Em sessão volátil, o dólar chegou ao menor valor desde 15 de junho (quando operou na mínima de R$ 5,0810), descolado do exterior, reagindo ao novo fluxo de entrada de recursos estrangeiros e ao anúncio do governador de São Paulo, João Doria, de que o estado poderá iniciar a vacinação contra o novo coronavírus a partir de 25 de janeiro. Com a notícia, a moeda recuou mais de 1%.
“Um forte fluxo, vindo novamente de recursos de exportadores e de investidores estrangeiros, derrubou a moeda que chegou nos níveis de R$ 5,05. Mas perto do encerramento, o dólar se afastou das mínimas, devolvendo todo o ganho do dia”, comenta o gerente da mesa de câmbio da Correparti, Guilherme Esquelbek.
Na reta final dos negócios, notícia de que a despesa financeira com receita desvinculada ficou fora do teto de gastos do governo por um ano fez com que investidores devolvessem praticamente todo o ganho da sessão. Porém, o Ministério da Economia desmentiu o “rumor” de que poderia propor uma flexibilização do teto de gastos, alegando ser contra qualquer proposta que trate da flexibilização do teto, mesmo que temporária.

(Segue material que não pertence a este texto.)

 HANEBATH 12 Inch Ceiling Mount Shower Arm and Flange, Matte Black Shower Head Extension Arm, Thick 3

Nesta terça, 8, com a agenda de indicadores esvaziada, tendo como destaque a inflação do país em novembro, o economista da Guide Investimentos, Alejandro Ortiz, diz que a moeda pode “continuar caindo”. Porém, mesmo com o “derretimento” da cotação nas últimas sessões, o cenário fiscal ainda é o pano de fundo para uma nova deterioração da moeda.

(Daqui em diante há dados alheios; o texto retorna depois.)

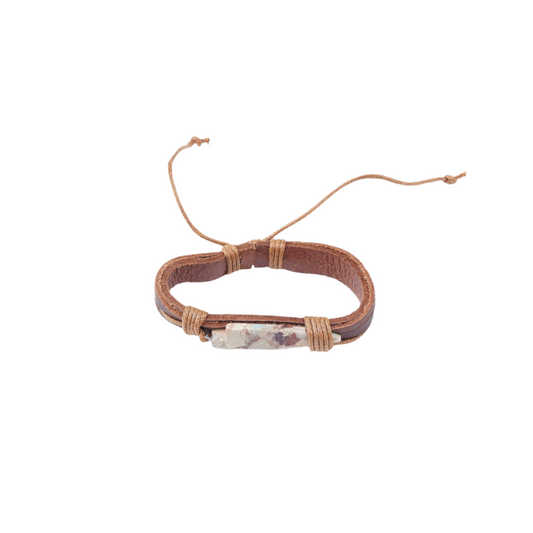 Natural Stone With Leather Cord Bracelet -Natural/Lt Brown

“Na minha opinião, [a queda recente] é uma questão pontual, com o fluxo de capital destravado pelas eleições nos Estados Unidos e que está indo para os países emergentes, incluindo o Brasil. Só que esse fluxo não é infinito. Uma hora ele tende a arrefecer. Até não termos uma sinalização positiva do[cenário] fiscal, essa valorização do real não vejo como uma coisa consistente”, avalia.